START GIVEN DATA

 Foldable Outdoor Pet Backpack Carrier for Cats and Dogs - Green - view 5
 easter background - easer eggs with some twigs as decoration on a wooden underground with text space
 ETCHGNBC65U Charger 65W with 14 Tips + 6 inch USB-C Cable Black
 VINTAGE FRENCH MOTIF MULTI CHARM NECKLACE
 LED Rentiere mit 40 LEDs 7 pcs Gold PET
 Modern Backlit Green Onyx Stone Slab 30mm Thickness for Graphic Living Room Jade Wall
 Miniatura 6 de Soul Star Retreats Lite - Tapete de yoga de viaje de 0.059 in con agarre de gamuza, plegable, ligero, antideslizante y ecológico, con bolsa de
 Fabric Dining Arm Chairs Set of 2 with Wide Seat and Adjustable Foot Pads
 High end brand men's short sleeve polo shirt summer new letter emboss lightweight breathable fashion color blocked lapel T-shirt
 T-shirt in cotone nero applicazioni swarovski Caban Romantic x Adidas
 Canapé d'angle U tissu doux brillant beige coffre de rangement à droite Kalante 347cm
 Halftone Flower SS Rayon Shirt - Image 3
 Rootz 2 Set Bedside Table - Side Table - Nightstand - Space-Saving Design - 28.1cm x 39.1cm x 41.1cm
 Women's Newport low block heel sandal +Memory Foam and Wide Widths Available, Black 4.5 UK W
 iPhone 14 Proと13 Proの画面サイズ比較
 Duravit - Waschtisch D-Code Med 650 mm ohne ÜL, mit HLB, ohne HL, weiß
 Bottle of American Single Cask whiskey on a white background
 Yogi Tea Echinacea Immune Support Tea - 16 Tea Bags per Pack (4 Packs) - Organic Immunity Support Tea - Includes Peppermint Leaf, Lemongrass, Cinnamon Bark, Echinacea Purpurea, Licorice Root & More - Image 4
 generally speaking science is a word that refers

END GIVEN DATA

__WHAT IS NEEDED__
What lines in the data include the string "Black"? Copy each one.

__EXERCISE SOLUTION__
 ETCHGNBC65U Charger 65W with 14 Tips + 6 inch USB-C Cable Black
 Women's Newport low block heel sandal +Memory Foam and Wide Widths Available, Black 4.5 UK W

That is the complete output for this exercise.